→ **AIM OF THE TASK**:
Repeat the entries below exactly, pictures excluded.
[TASK INPUT Boundary: Start]
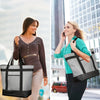 A blonde woman carrying a black insulated cooler bag while walking in an urban setting.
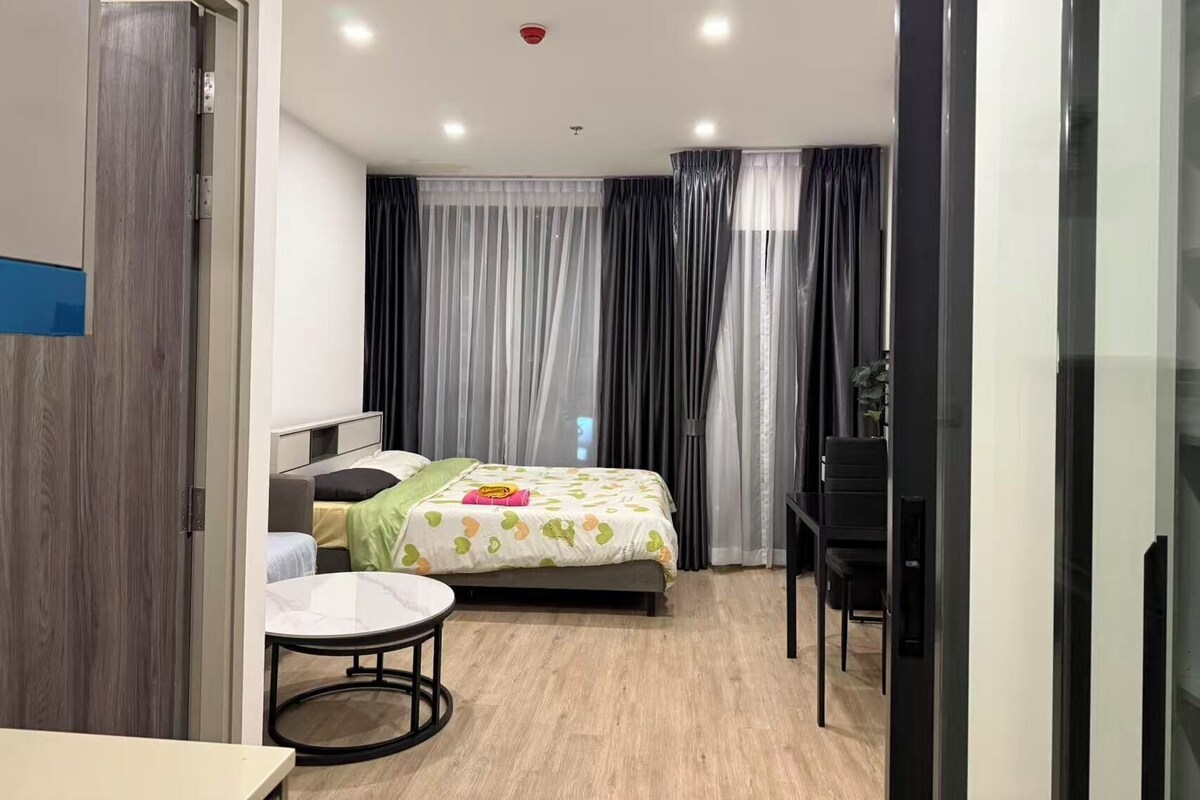 A modern hotel room with a bed, a small round table, a desk, and a chair.
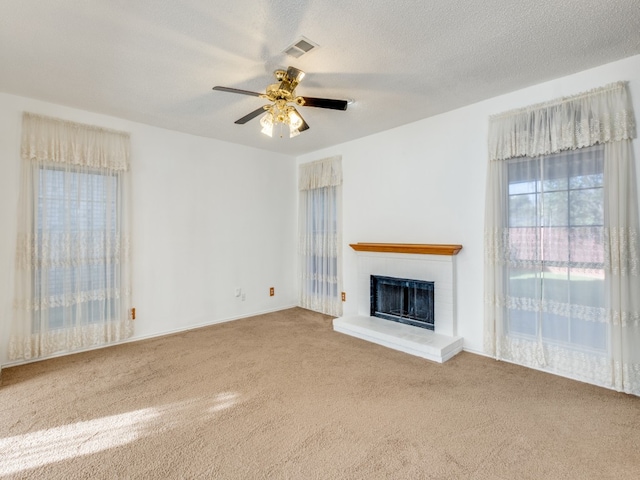 unfurnished living room featuring carpet, ceiling fan, a fireplace, and a textured ceiling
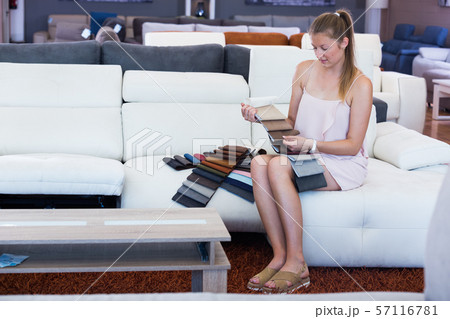 female choosing quality textile on sofa 57116781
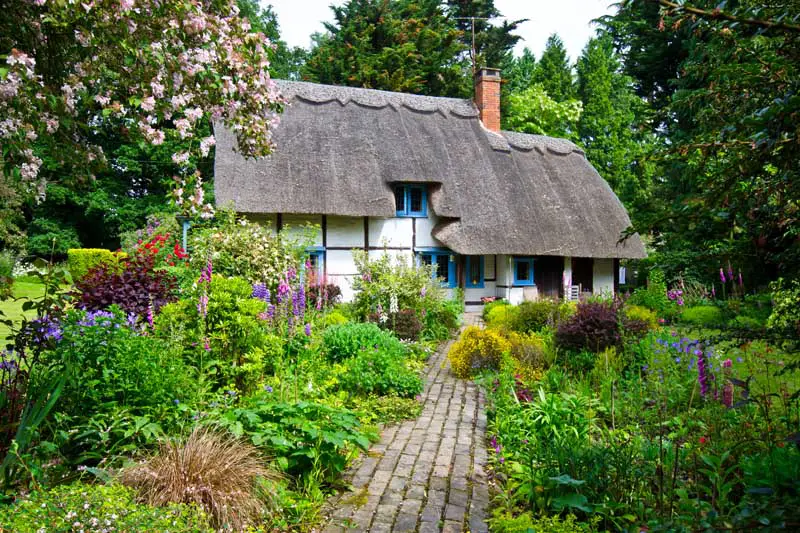 Jardín de cabaña con camino central que conduce a una casa Tudor de estilo rústico con techo de paja.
[TASK INPUT Boundary: End]
→ **WRITTEN RESPONSE**:
 A blonde woman carrying a black insulated cooler bag while walking in an urban setting.
 A modern hotel room with a bed, a small round table, a desk, and a chair.
 unfurnished living room featuring carpet, ceiling fan, a fireplace, and a textured ceiling
 female choosing quality textile on sofa 57116781
 Jardín de cabaña con camino central que conduce a una casa Tudor de estilo rústico con techo de paja.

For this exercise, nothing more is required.